Ketua Umum Asosiasi Pengusaha Indonesia Hariyadi Sukamdani menyatakan pelarangan itu akhirnya memukul kinerja penjualan Seven Eleven di Indonesia.
“Penjualan mereka itu mulai drop ketika penjualan minol di minimarket mulai gak diperbolehkan pemerintah. Dari situ mereka kehilangan competitive advatange dibanding pesaingnya,” ujar Hariyadi di Jakarta, Senin (26/6/2017).
Padahal, persaingan di bisnis ritel sangat ketat karena hanya mengambil marjin keuntungan yang tipis dari penjualan produk.
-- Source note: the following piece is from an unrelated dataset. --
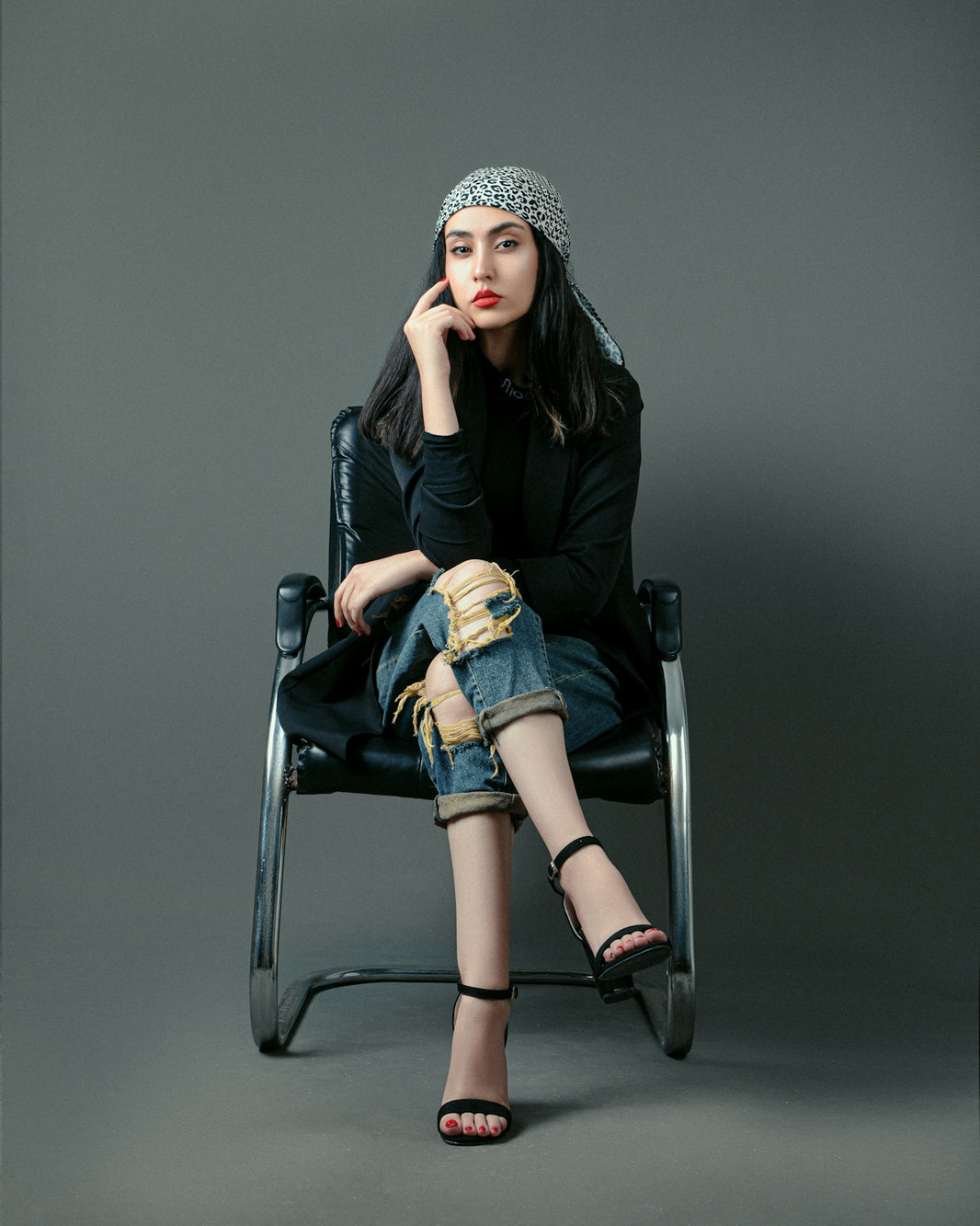 a woman sitting in a chair with her hand on her chin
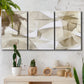Three-panel canvas wall art featuring soft abstract meditative color balance, displayed in a boho-chic entryway above a console table.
“Tapi di luar pelarangan penjualan minol itu, kita juga ga tau apakah mereka sebenarnya cukup solid mengantisipasi persaingan ritel yang sangat berat. Apalagi dia pemain yang baru karena baru masuk Indonesia paling belakangan.”
Menurutnya, persaingan yang ketat mengharuskan pemilik modal berhati hati dalam penentuan strategi bisnis. Pasar ritel umumnya perlu membidik pangsa pasar strategis yang terbatas. Sementara, seluruh gerai Seven Eleven menyasar target konsumen yang tidak terkonsentrasi pada titik tertentu.
Baca Juga
“Misalnya lihat Indomart dan Alfamart kan hanya terkonsentrasi di beberapa titik saja. Circle K juga kuatnya hanya di Bali dan kliennya memang turis saja. Di bisnis ritel, begitu salah strategi sedikit saja, dampaknya langsung rugi karena marjinnya sangat tipis,” kata Hariyadi.
Terlebih, persoalan keuangan juga menerpa PT Modern Sevel Indonesia sebagai entitas pengelola bisnis jaringan retail Seven Eleven.
“Sudah mengalami permasalahan keuangan, sudah begitu Charoen Pokhphand yang sempat mau ambil alih akhirnya mundur. Dengan begitu sebetulnya tidak heran Sevel gak bisa bertahan lebih lama.”